概要
原題:Vincent doit mourir
製作:2023年フランス
配給:ナカチカピクチャーズ
監督:ステファン・カスタン
出演:カリム・レクルー/ヴィマラ・ポンス/フランソワ・シャトー/カロリン・ローズ・サン
ヴィンセントは職場の実習生に突然ノートパソコンでぶん殴られる。理由も分からないまま、今度は経理の男にペンで腕を刺される。だが、彼らはなぜヴィンセントを攻撃したのか記憶もないという。
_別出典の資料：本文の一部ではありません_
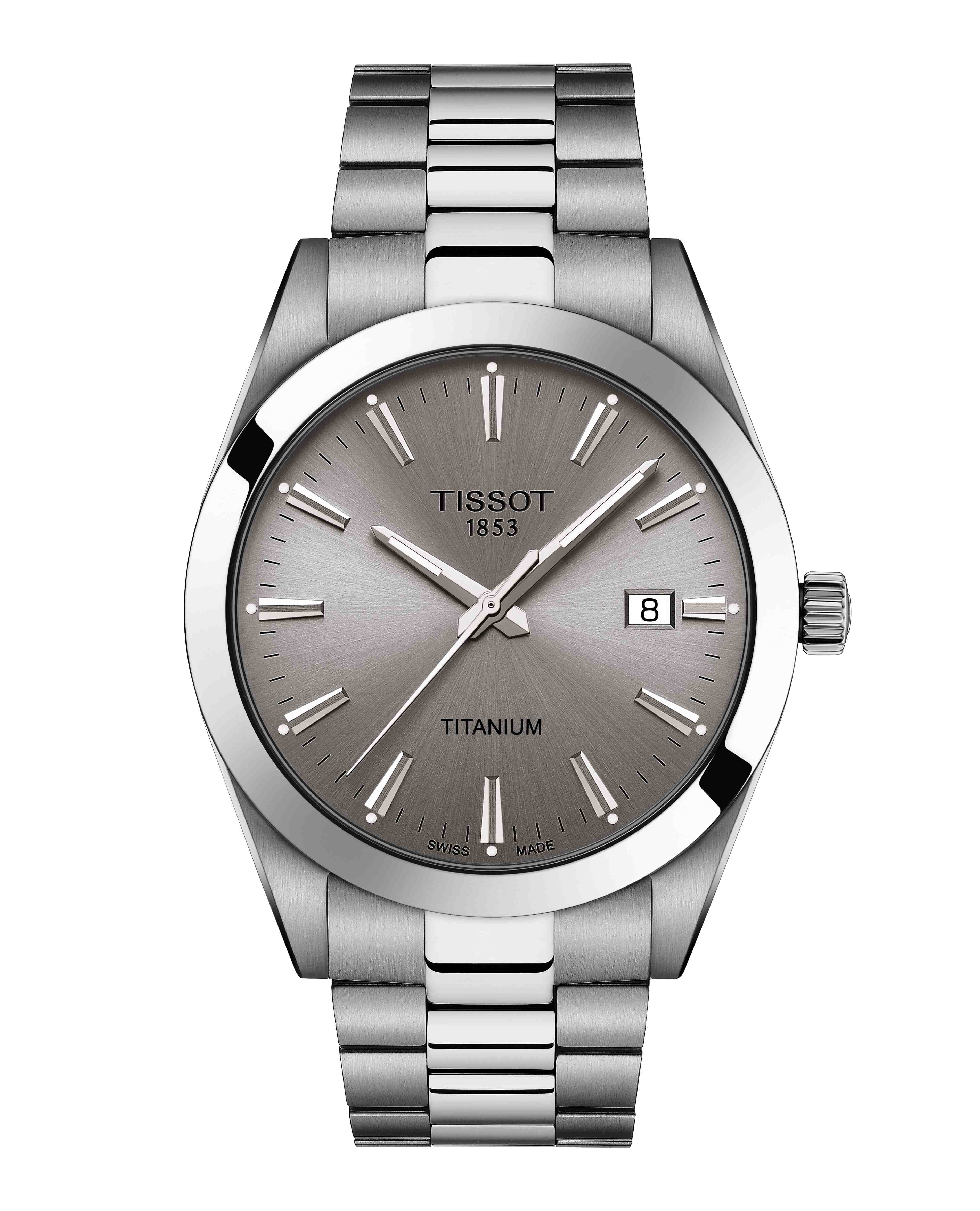 tissot gentleman quartz titanium t127.410.44.081.00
通りすがりの他人やアパートの子供たちにまで殺意全開で襲われるようになったヴィンセントは、そのスイッチが目を合わせることだと気づく。
予告編
感想
誰かと目が合っただけで突然暴力を振るわれる体質になった男の話。
「アシッド」「動物界」「スパイダー/増殖」など、今年は厄介な世相を反映したフランス映画が多いですね。移民を受け入れすぎて治安が悪化し、極右政党が躍進して政情が荒れているというニュースは目にしてますが、その辺の市民間でも目と目が合っただけで殺し合いに発展してもおかしくないほどの一触即発感が今のフランスにはあるのか。
スタンド能力的なものは別として、今の日本からは出てこない設定と思います。例えば、仮に私がヴィンセントと同じような体質になったとしてもおそらく気が付くことさえないでしょう。他人と目を合わせることなどまずないからです。仲の良い人間と向かい合って話す時ですら目は見てない。視線はせいぜいネクタイの結び目あたりに置いておくのが精一杯。皆そうですよね。違う?私が対人恐怖症のチキン野郎なだけですか? …良くても鼻ぐらいかな。鼻見てるだけでも発動するのかな?あの症状。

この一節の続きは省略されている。